* [Work instructions] Please repeat the entries exactly as they appear and omit any images.

Data records below:

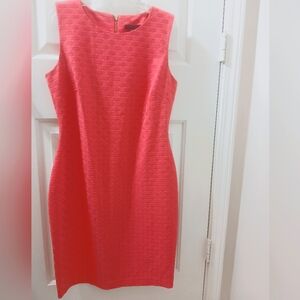 Tommy Hilfiger dress size 10
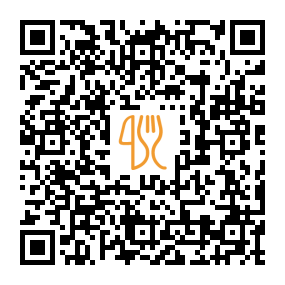 Link con codice QR al menu di Gastro Pub 45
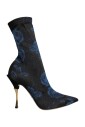 floral-print-stiletto-mid-calf-boots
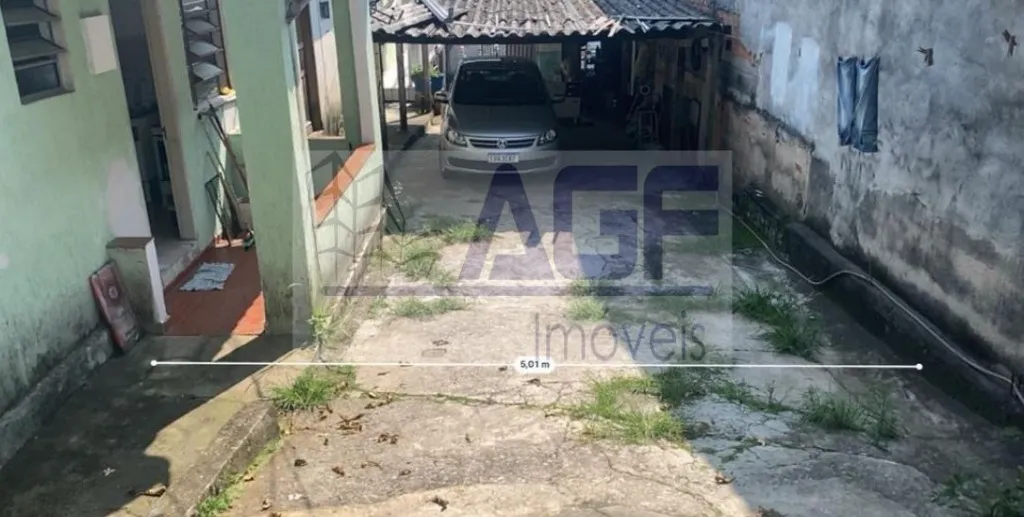 Casa, 8 quartos, 10 m² - Foto 15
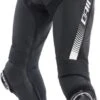 Dainese Super Speed Motorbroek -Geselecteerde Motorkledingwinkels 028061 120 1 Dainese Super Speed Pant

End of Data records.

* [Answer space]
 Tommy Hilfiger dress size 10
 Link con codice QR al menu di Gastro Pub 45
 floral-print-stiletto-mid-calf-boots
 Casa, 8 quartos, 10 m² - Foto 15
 Dainese Super Speed Motorbroek -Geselecteerde Motorkledingwinkels 028061 120 1 Dainese Super Speed Pant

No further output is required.